(DATASET CONTENT):
========================================================================

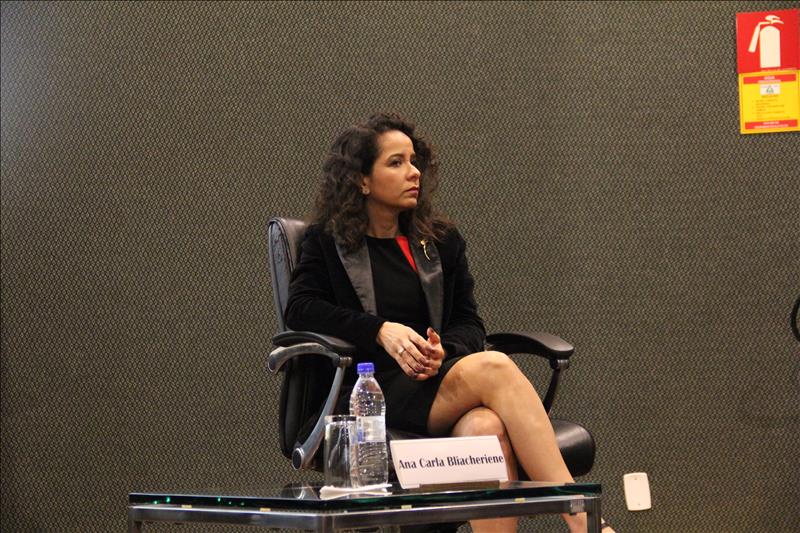 Ana Carla Bliacheriene, professora da Universidade de São Paulo (USP)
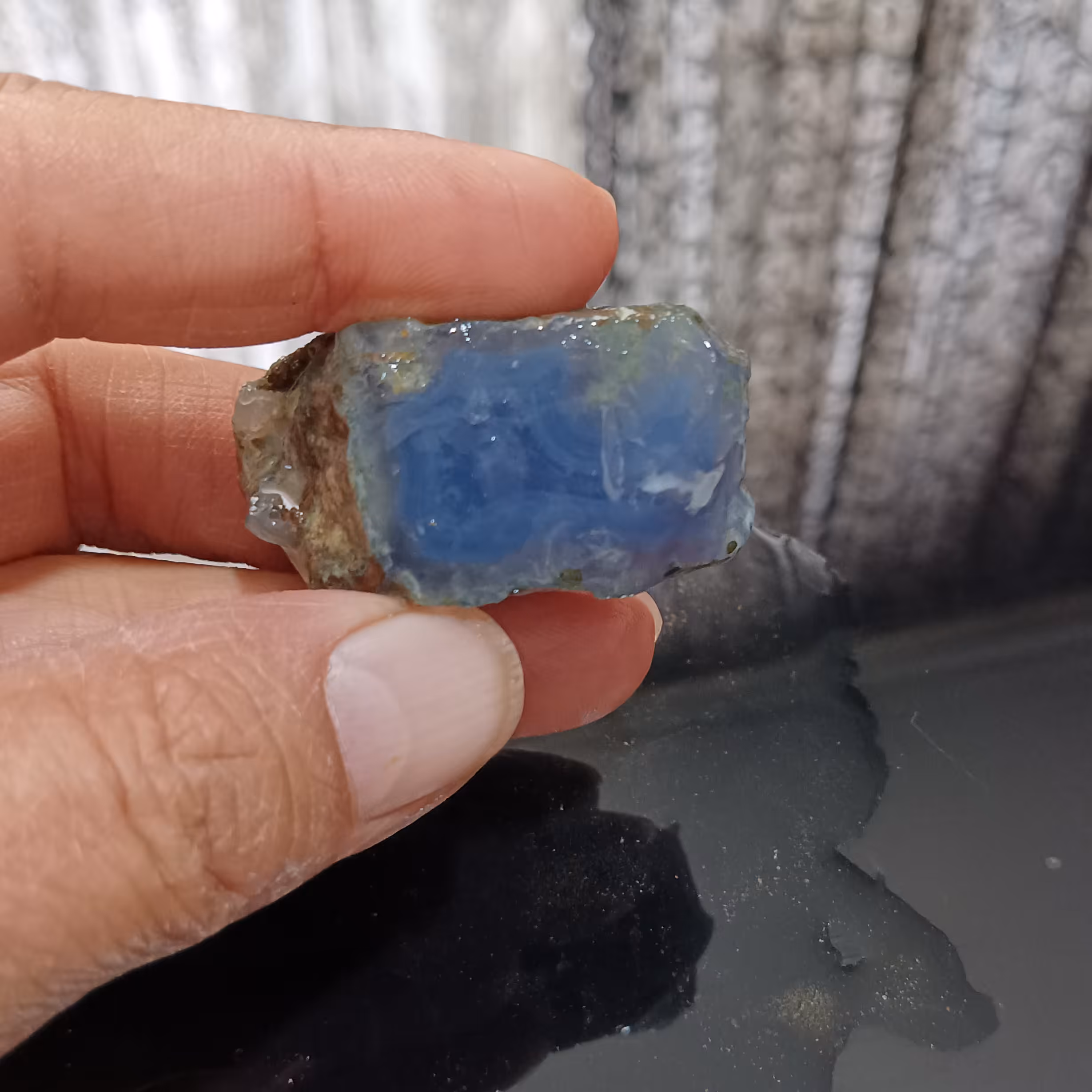 نگینی سنگ عقیق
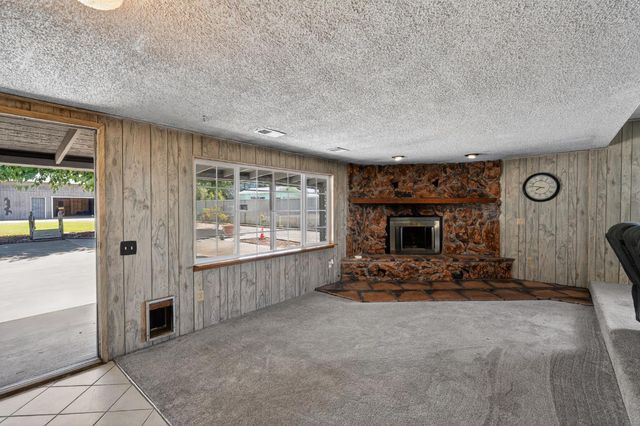 6640 34th, North Highlands, CA 95660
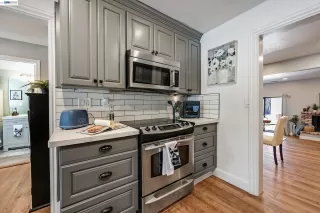 Photo #4: 41135321 Listing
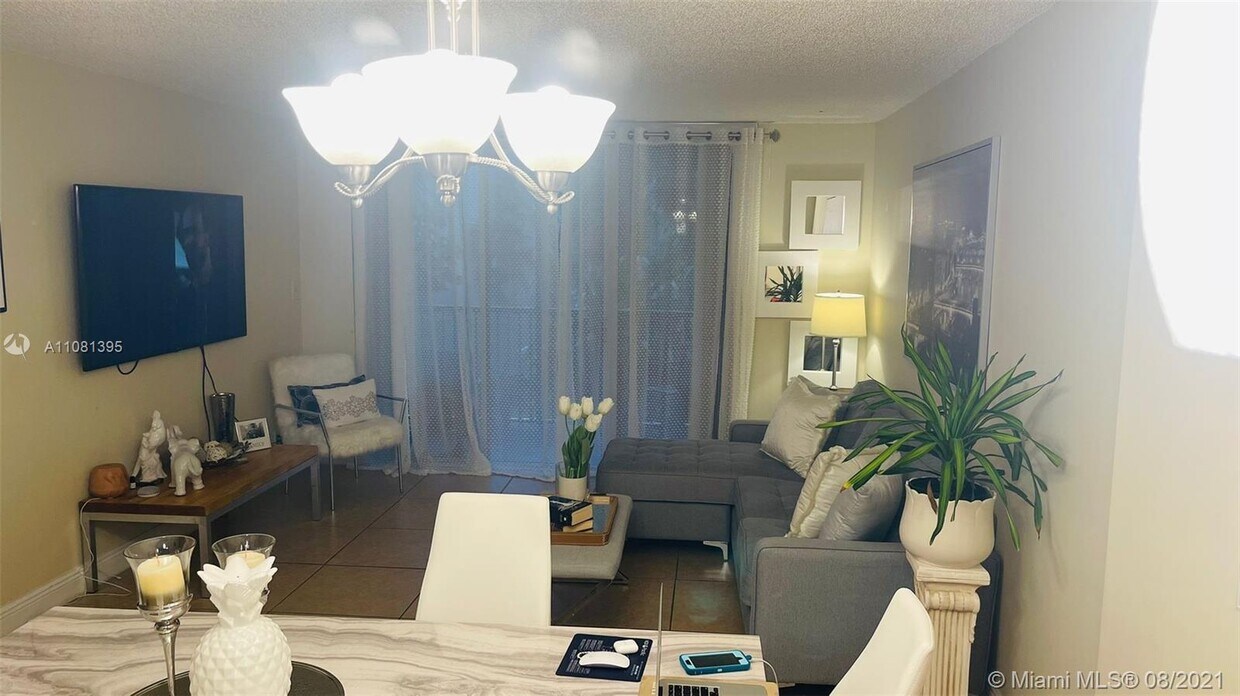 3301 NW 47th Terrace Unit 211, Lauderdale Lakes, FL 33319 Condo for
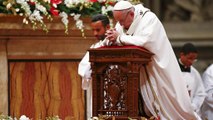 البابا فرنسيس يذكر بالأطفال النازحين في قداس عيد الميلاد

========================================================================

No pictures should appear in the answer, which is to be the lines from the line with "6640 34th, North Highlands, CA 95660" through the end of the records above, restated exactly.

(WRITTEN RESPONSE):
 6640 34th, North Highlands, CA 95660
 Photo #4: 41135321 Listing
 3301 NW 47th Terrace Unit 211, Lauderdale Lakes, FL 33319 Condo for
 البابا فرنسيس يذكر بالأطفال النازحين في قداس عيد الميلاد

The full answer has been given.